In it, Porky Pig is serving the French Foreign Legion in the Sahara Desert.

While strutting and singing The Girlfriend of a Whirling Dervish outside of a bar one night, he meets an informant who sends him on a mission to warn a nearby fortress that notorious desert bandit Ali Baba and his gang of "dirty sleeves" plan to attack it.

Porky arrives to find the fort deserted, and must hold off the villain's assault all by himself.

Tropes:

  • Adaptational Villainy: The original Ali Baba stole from the Forty Thieves, but he wasn't a villain. In this cartoon, Ali Baba is the leader of the "Dirty Sleeves" and wages a full-on attack on a desert fortress.
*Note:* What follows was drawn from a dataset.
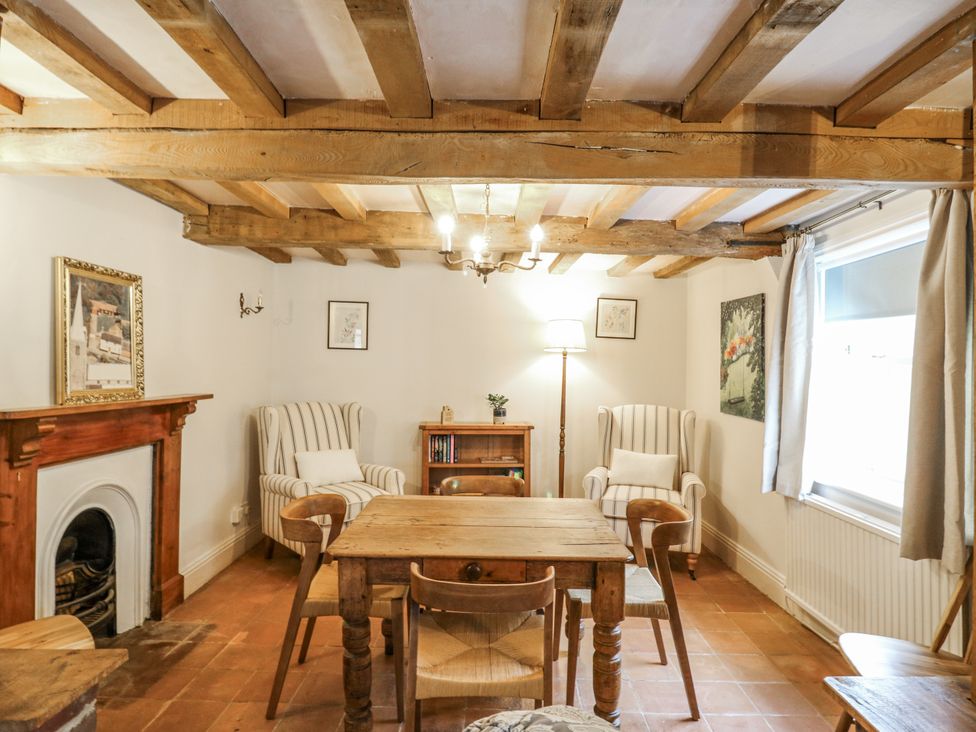 A sitting room with a wooden table and chairs at White Gates in Banham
  • Big Damn Heroes: Baby Dumpling's mother is instrumental in saving both him and Porky from Ali Baba in the end.
  • Boss Subtitles: Ali Baba is introduced to us with on-screen words as "The Mad Dog Of The Desert".
  • Bowdlerise:
    • There are two edits done on the redrawn colorized version of this cartoon, which aired on the compilation show Looney Tunes on Nickelodeon. The first occurs when Porky is riding on his camel and spots Ali Baba's men running towards him. He exclaims "O-O-Oh, goodness gracious!" and rides his camel to the fort. In redrawn print, Ali Baba's men are omitted from this sequence. The second cut occurs when the mother camel kicks Ali Baba. In the original black and white version, Ali flies out of the fort, falls to the ground, and his men ask "what's the matter?" In the redrawn print, we only see Ali fly out of the fort. The portion of the sequence where he falls to the ground and his men question him is gone.
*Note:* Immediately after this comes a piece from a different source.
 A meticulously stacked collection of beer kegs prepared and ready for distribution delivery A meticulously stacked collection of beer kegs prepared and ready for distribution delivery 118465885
    • Cartoon Network and Boomerang initially ran this short unedited. After the September 11th attacks, however, the scenes referring to one of Ali Baba's men (who has a bomb strapped to his head) as a member of the "suicide squad" was omitted, along with the scene of the bomber sitting next to a building.
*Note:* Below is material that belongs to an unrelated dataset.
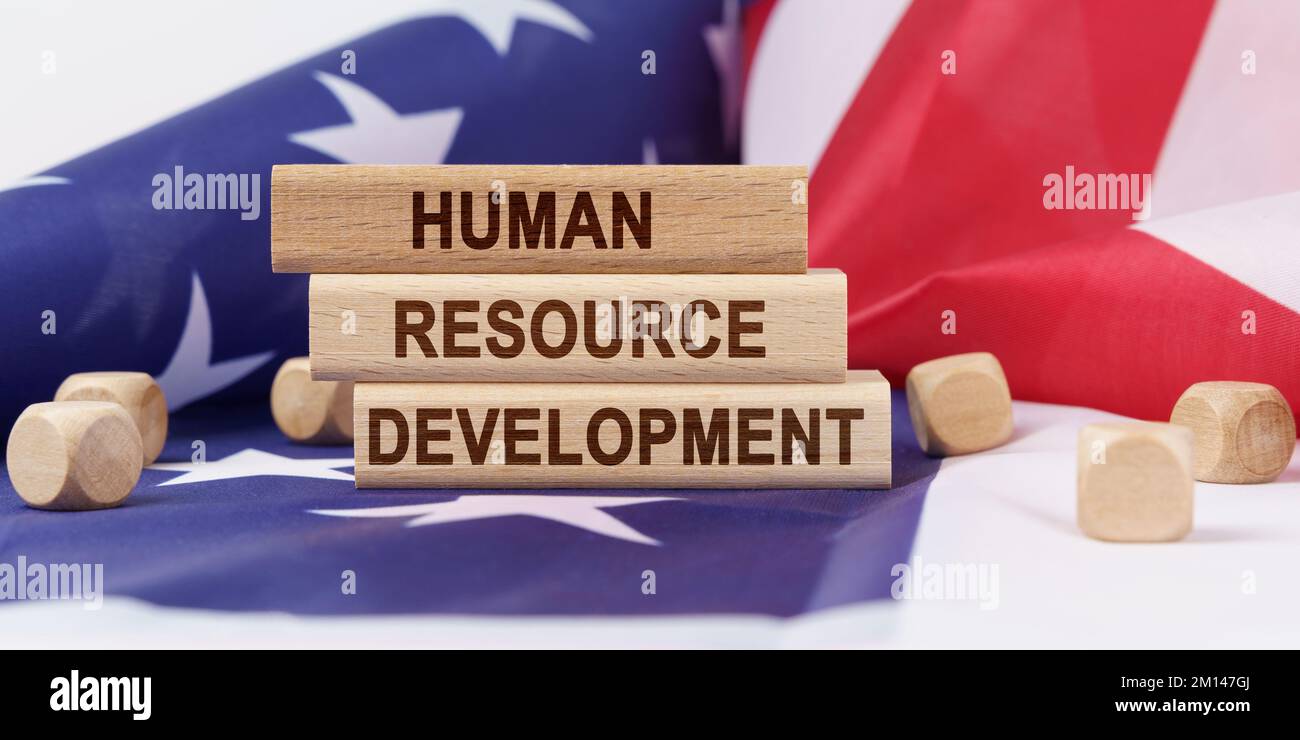 Business concept. The American flag has wooden cubes and plaques that ...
  • Door Judo: When the "Suicide Squad" guy charges, Porky and the camels open the front and back doors of the fort, so he ends up bypassing it and crashing into Ali Baba and his men instead.
  • Mickey Mousing: When Porky rides on a baby camel, it walks right in sync to the beat of "The Streets of Cairo".
  • No Celebrities Were Harmed: The informant Porky meets early in the film is a caricature of George Raft.
  • Public Domain Animation
  • Pun-Based Title: On Ali Baba and His Forty Thieves and Alabama Bound.
  • Shout-Out:
    • The bar Porky leaves is called the Brown Turban, a play on the then-popular Brown Derby chain of restaurants.
    • The gag of George Raft flipping a coin with his feet is a reference to his role in Scarface1932.
    • The letter Porky receives from Raft is headlined with "Confessions of a Nasty Spy", a reference to the film Confessions of a Nazi Spy. The letter is signed by "Tattle-tale Gray," a reference to a phrase popularized in ads for Fels Naptha Soap.
    • Porky jokingly thanks Raft by saying "Ya nahaaaaasty spy!", a reference to comedian Joe Penner's catchphrase "You naaaaaasty man!".
    • The baby camel is named Baby Dumpling, which is a reference to a character from Blondie.
  • Standard Snippet: "The Streets of Cairo" plays when Porky is riding a baby camel.
  • Stock Footage: A scene of the thieves running towards Porky is repurposed animation from the 1934 short Buddy of the Apes.
  • Use Your Head: When Porky is defending the fortress, one thief uses another thief as a battering ram, with another thief feeding him headache pills between each strike.
  • Visual Pun: Ali Baba is introduced by having him spy on Porky through literal Beer Glasses (as in, two beer bottles being used as binoculars).
    • After he's identified as "The Mad Dog of the Desert", Ali Baba barks.